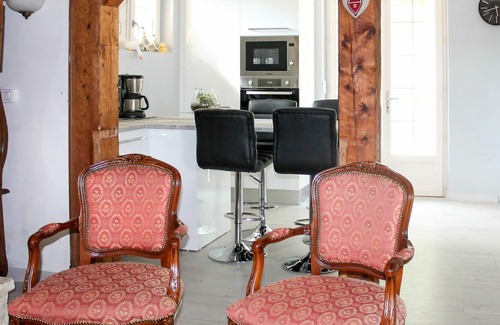 Auriac-du-Perigord Villa | Beautiful private villa for 6 guests with private pool, WIFI, TV, terrace and parking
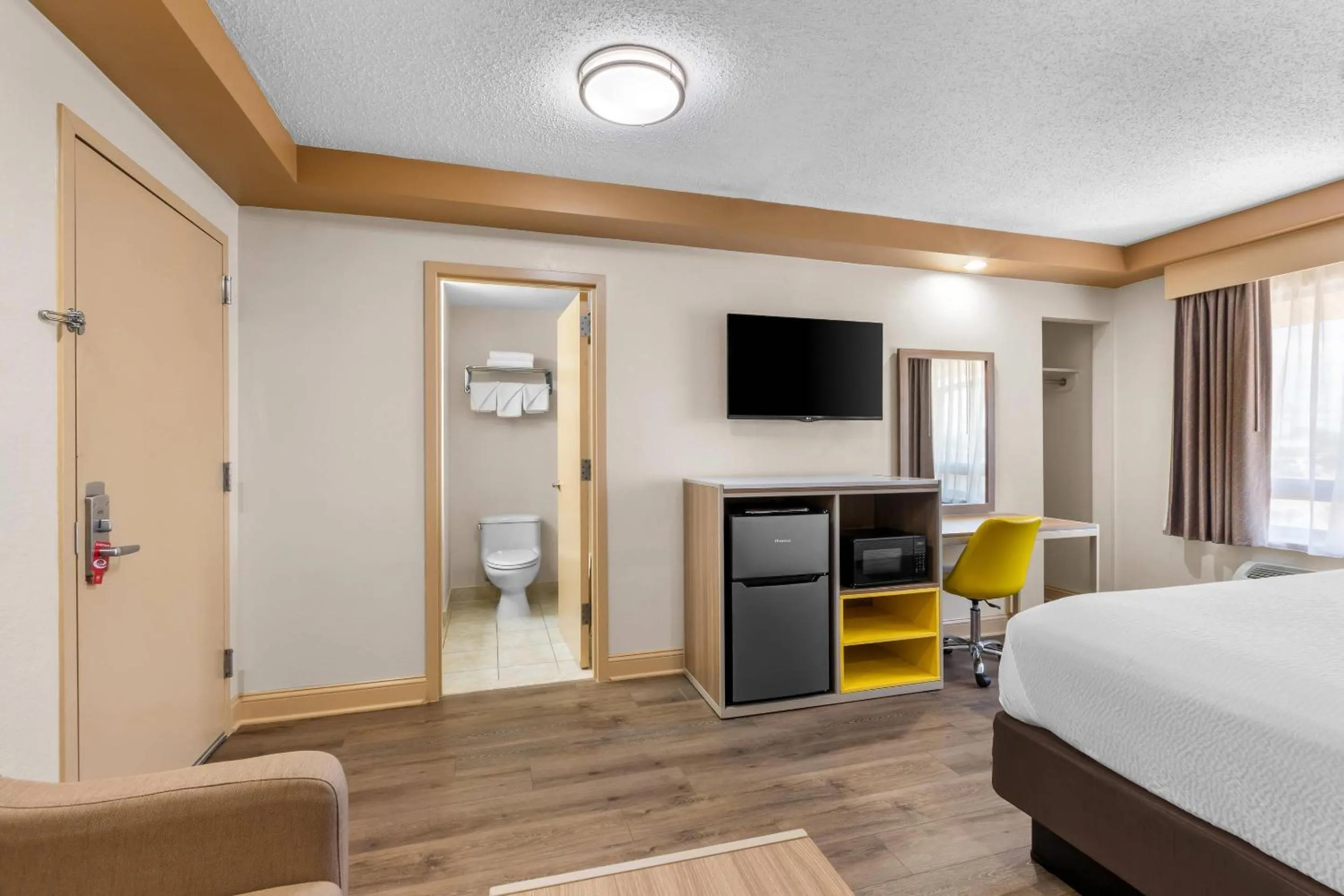 Bedroom, Bed in Econo Lodge Woodbridge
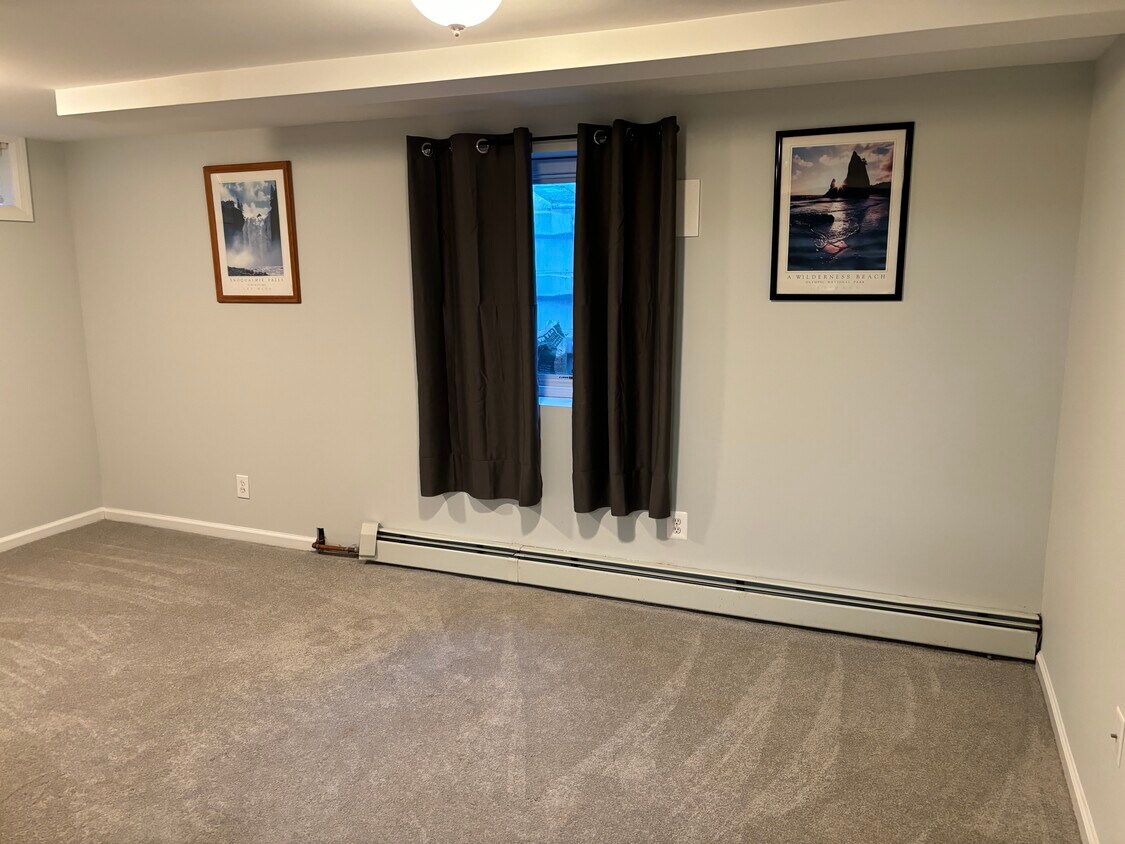 11 Marlo Ln Unit Apartment, Hauppauge, NY 11788 Apartments in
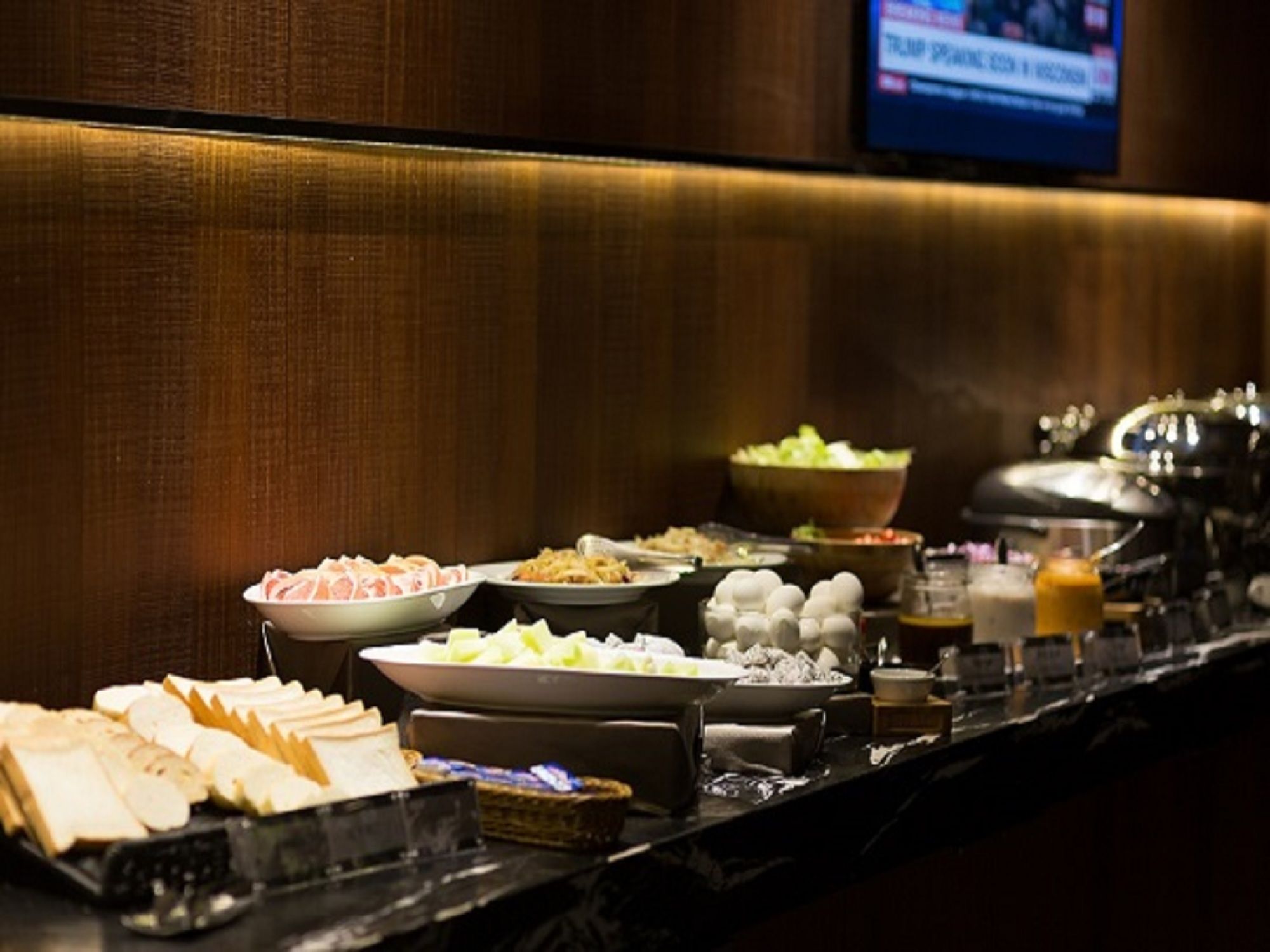 Фото In House Hotel Taichung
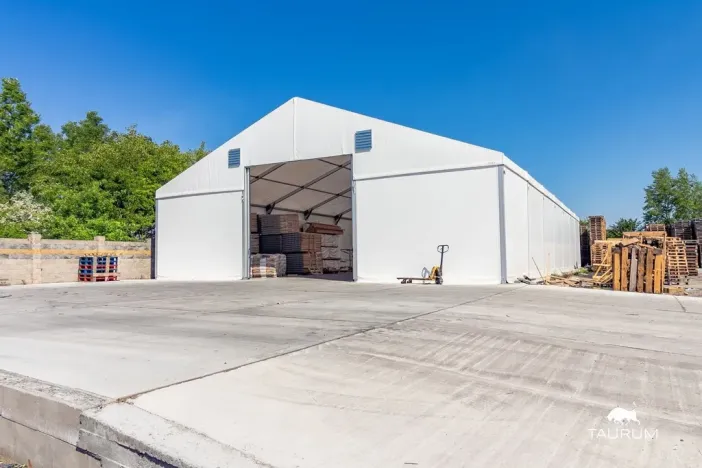 Prodej výrobních prostor, Vojkovice, 12027 m2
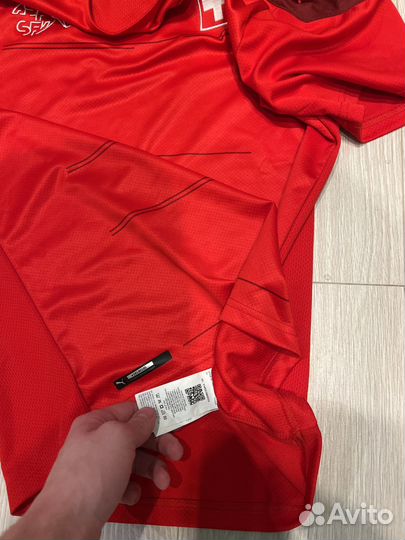 Футбольное джерси пума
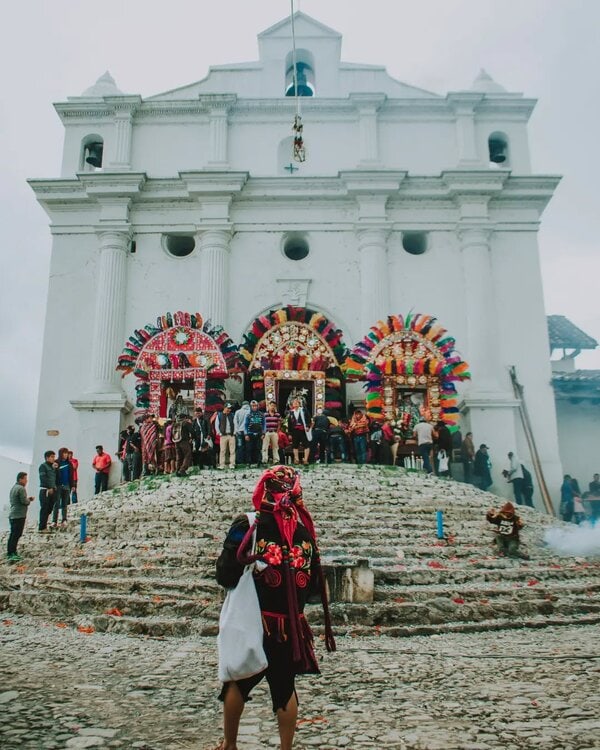 Guatemala's Mountainous Heart - Image 5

= = = = =

Aim of the task - Set down exactly, and only, the lines from the one containing "Футбольное джерси пума" through the last line of the entries. Pictures do not belong in the copy.

Answer space -
 Футбольное джерси пума
 Guatemala's Mountainous Heart - Image 5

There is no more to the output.